Some of Democratic presidential candidate Howard Dean's worst campaign gaffes have followed briefings by former Clinton administration officials who were sought out by the Vermont Democrat to tutor him on foreign policy.
In August, Dean's campaign staff turned to former Secretary of State Madeleine Albright, who conducted a six-hour "private class" for the Vermont Democrat on Middle East issues, reported the Boston Globe in Sunday editions.
A few weeks later, Dean caused an uproar by suggesting that Israel and the Palestinians should be treated in an "evenhanded" way, the paper noted.
After that blunder, President Clinton began personally advising the Vermont Democrat, ostensibly in a bid to head off any further politically damaging gaffes. But the results have been anything but stellar for the presidential front-runner.
Shortly after his talks with the ex-president, Dean began touting Clinton as a special Middle East envoy, saying that President Bush should tap Clinton for the job now and that he would do so if elected.
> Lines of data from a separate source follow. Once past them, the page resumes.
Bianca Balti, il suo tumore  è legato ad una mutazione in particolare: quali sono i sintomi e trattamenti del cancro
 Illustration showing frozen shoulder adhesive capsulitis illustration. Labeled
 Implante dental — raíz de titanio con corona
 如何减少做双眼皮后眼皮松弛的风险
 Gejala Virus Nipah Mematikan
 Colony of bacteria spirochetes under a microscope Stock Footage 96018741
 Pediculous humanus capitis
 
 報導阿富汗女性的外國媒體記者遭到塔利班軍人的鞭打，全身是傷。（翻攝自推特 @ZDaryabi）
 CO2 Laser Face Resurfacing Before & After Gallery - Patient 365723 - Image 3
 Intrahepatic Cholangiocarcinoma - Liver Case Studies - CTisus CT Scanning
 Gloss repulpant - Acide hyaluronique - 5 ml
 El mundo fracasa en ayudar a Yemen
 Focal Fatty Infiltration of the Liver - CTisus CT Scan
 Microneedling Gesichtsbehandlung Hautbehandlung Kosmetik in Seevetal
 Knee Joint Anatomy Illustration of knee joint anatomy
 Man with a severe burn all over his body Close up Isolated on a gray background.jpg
In the weeks that followed, Dean loaded up his campaign staff with ex-Clinton officials such as Anthony Lake and Susan Rice.
Lake was regarded by critics as a security risk when he was nominated by Clinton to be national security adviser in 1993.
Rice has been accused of spurning efforts by Sudan in the late 1990s to improve relations with the Clinton administration, which included an offer to arrest 9/11 mastermind Osama bin Laden and turn him over to the U.S.
Coincidentally or not, since he's been under the tutelage of Clinton, Albright, Lake and Rice, the Democratic front-runner has careened from one rhetorical blunder on foreign policy after another.
In the last four weeks alone, Dean has accused the White House of being complicit in the 9/11 attacks, citing suspicions that President Bush received advanced warning from the Saudis but decided not to act on the tip.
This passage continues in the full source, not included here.